Nothing puts more of a sparkle into Norma Blosser’s eyes than to talk about Elvis Presley. The 72-year-old Marion woman was born on Jan. 9, 1949, one day after Elvis’ fifth birthday. He died in 1977.
Blosser grew up in Marysville and was 13 years old when Elvis produced his first record. Along with Pat Boone, he became her teenage idol.
“The boys had John Wayne and we (girls) had Elvis,” she said.
Every six years, when the late rock star’s birth date falls on a Sunday, Blosser gets to celebrate her birthday on the same day that Marion Senior Center celebrates Elvis Day.
This year, she celebrated the special day by displaying an Elvis DVD collection from her son, Robert Padgett.
Blosser came from a large family. As a teen-ager, she worked in a café and used some of her earnings to purchase four 45 rpm recordings by Elvis. She later accumulated five or six LP (long-playing) records.

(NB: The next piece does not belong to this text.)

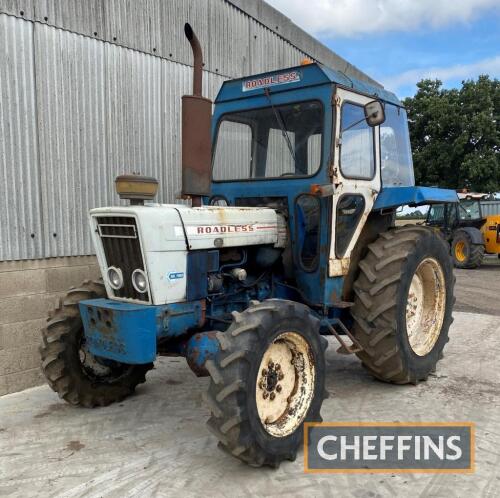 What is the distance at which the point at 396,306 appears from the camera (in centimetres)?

One of her favorite LP albums is a recording she purchased at an auction. “The King is Gone” was a tribute to Elvis by Ronnie McDowell after his death in 1977. The album package included two front-page reprints of The Tennessean, a newspaper in Nashville, Tenn., containing articles written about Elvis after his death. The album launched McDowell’s career as a country singer.
The next best thing
This past summer, Blosser learned that Elvis tribute artist Donny Edwards of Las Vegas performed at the Orpheum Theater in Wichita.
She learned that Edwards, who has an uncanny resemblance to Elvis, is a performer who began his career as an Elvis impersonator in 2002 after he won an Elvis contest in Las Vegas. He performs all over the world, and frequently performs with Elvis’ band members.

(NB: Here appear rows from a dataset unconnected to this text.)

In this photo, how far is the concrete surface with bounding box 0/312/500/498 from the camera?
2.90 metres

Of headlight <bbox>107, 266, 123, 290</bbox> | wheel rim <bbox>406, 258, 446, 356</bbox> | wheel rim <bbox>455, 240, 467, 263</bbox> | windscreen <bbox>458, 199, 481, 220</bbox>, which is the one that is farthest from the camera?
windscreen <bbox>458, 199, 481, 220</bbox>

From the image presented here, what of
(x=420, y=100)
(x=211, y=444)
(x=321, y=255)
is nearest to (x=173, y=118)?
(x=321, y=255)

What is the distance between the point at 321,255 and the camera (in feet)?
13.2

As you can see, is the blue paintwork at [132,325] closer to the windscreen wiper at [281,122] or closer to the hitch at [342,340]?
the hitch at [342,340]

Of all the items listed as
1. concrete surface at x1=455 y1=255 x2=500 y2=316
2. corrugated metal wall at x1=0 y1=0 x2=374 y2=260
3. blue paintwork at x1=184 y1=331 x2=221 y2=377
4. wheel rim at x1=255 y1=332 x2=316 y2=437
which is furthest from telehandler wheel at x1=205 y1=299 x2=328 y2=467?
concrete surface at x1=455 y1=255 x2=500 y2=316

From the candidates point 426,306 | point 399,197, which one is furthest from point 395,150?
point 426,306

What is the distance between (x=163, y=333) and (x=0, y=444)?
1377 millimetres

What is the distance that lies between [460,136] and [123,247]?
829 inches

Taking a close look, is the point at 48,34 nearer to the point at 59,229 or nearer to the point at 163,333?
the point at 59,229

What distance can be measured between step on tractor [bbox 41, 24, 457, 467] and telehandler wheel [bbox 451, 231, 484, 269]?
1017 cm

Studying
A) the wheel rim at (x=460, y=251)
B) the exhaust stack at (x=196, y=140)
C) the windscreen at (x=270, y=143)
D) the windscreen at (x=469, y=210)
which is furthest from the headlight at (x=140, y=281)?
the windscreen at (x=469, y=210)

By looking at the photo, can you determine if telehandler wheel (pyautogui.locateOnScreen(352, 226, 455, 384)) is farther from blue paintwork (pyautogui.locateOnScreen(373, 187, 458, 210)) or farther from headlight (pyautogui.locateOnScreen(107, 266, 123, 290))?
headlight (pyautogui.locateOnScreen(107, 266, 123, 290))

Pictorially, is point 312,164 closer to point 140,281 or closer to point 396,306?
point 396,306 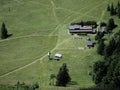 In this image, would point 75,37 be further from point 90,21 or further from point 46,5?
point 46,5

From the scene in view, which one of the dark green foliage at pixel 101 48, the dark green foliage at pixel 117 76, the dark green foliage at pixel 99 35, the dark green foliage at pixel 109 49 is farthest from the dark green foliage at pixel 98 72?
the dark green foliage at pixel 99 35

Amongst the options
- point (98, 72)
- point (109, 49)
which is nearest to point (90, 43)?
point (109, 49)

This excited her. On Dec. 20, as her birthday drew closer, she decided to try to contact Edwards’ production company to inquire about getting a DVD of one of his performances.
Through his website, she found a telephone number and contacted the Las Vegas company. No one answered, so she left a message. That same day, the phone rang, and Edwards himself was on the line. Blosser said his voice was electrifying. She could not believe that he had called her personally.
When he asked what she wanted, she told him she was a 72-year-old woman from Marion, Kan., had always adored Elvis, and wanted a DVD of an Edwards performance. He told her he would send her several items.
Blosser was disappointed when the promised package didn’t materialize. She called Edwards the day after her birthday. He told her he had sent the items on her birthday. She received them Jan. 13.
“I hate Friday the 13th, but I’ll never forget this Friday the 13th,” Blosser said.
She was thrilled to discover the package included a DVD, a CD, three autographed 8x10 photos of Edwards, and a key chain with the words: “The next best thing to the King.”
“I called to tell him I got them and that I will treasure them for the rest of my life,” she said.
Edwards will give a repeat performance at the Orpheum Theater Saturday, but Blosser won’t be able to go because she and her husband, Larry, don’t drive at night.
Blosser said she has always lived to have fun.
“I needed this,” she said. “It is for young people and the young at heart like me. I wanted something very, very special, and the good Lord gave it to me with the help of my son and Donny Edwards.”